Life, Europe

Poland’s Tatar Muslim community on front line of Ukraine war

It is an unenviable position, caught along the border during an ongoing war on the other side, but Poland’s Tatars have long learned to manage

Jo Harper  | 16.03.2023 - Update : 21.03.2023
Poland’s Tatar Muslim community on front line of Ukraine war

WARSAW 

Mizar, a Muslim cemetery, is less than a kilometer outside the small village of Bohoniki in northeastern Poland.

You pass the last houses, turn left along a track lined with trees. Behind a wall, between the trees, tombstones with crescent-shaped monuments begin.

The village is located 9 kilometers (5.6 miles) in a straight line from Poland’s border with Belarus.

The refugee burial area is in the far corner of the cemetery. There are seven graves among the birch trees surrounded by stones.

Since autumn 2021, the cemetery near Bohoniki has become a burial place for refugees who have died crossing the Polish-Belarusian border.

The first such burial, organized by the Dialog Foundation, which runs an open center for foreigners in nearby Bialystok, northeastern Poland, took place in mid-October 2021.

Activists from the Podlaskie Voluntary Humanitarian Aid Service and the Ocalenie Foundation, a group of Chechen refugees living in Bialystok, help organize the funerals.

Maciej Szczesnowicz, the head of the Muslim community, works with them.

"In 2021, the first group was caught. It was six children, three women, and two men,” Szczesnowicz said. “We helped them, gave them food, and took them to the hospital. We tried to help as much as we could.”

“As of today, we are now preparing for three more funerals,” he added.

“It is not important for us a person’s faith or the color of people’s skin. We help everyone. They were tricked by the Lukashenka regime and didn’t know that it was Poland and not Germany over the border. What happened here is simply criminal,” he said.

A Kurdish woman named Avin from Iraq, together with her five children, husband and three other men, were found by activists from Grupa Granica in the forest near Narewka. According to Polish volunteers, the woman was howling in pain. Doctors diagnosed her with hypothermia and acidosis. She was six months pregnant.

The Polish Border Guard separated the group and the critically ill woman was taken to a hospital in Hajnowka, while her husband and children were placed in an open center in Bialystok. The remaining men were pushed back into Belarus.

Avin had a miscarriage in the hospital and died three weeks later. Her body was transported to Iraq. Her son stayed in Bohoniki.
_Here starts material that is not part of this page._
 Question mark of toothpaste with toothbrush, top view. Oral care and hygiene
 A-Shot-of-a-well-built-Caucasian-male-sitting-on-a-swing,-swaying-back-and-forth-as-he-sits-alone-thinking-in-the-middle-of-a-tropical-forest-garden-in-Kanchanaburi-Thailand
On Dec. 5, 2022, a sixth grave was dug, that of Musa.

According to official statistics, Musa was the 19th casualty along the Polish-Belarusian border. The Helsinki Foundation for Human Rights said about 200 people have gone missing at the border. The real number of migrant deaths remains unknown.


A long history

Present for six centuries on Polish territory, the Tatars are a discreet and little-known Muslim minority.

While Poland has a long history of Catholic-Orthodox and Catholic-Judaic relations, Tatars were the only ones to bring and maintain strong links to Islamic culture.

Their ancestors were from the Golden Horde, a Turko-Mongol Empire of the 14th and 15th centuries who were integrated into the army of the Grand Duchy of Lithuania.

Over the years, they lost their Tatar language from the Kipchak group of the Turkic languages and adopted Belarusian, Lithuanian, or Polish.

They have also adapted their practice of Islam to Polish society. Many eat pork and drink alcohol, for example, or buy a Christmas tree for Christmas.

According to estimates, by 1590-1591, there were about 200,000 Lipka Tatars living in the Polish-Lithuanian Commonwealth, with about 400 mosques serving them. Today there are 10,000-15,000 Lipka Tatars in the former areas of the Polish-Lithuanian Commonwealth.

In Poland, the 2011 census showed 1,916 people declaring Tatar ethnicity.

Of a total of five mosques operating in Poland, two are in the Tatar enclave of eastern Poland.

The mosque in Bohoniki is the smaller of two but it more resembles traditional mosques. Instead of two towers, it has a single tower with an onion-shaped top finished with a crescent.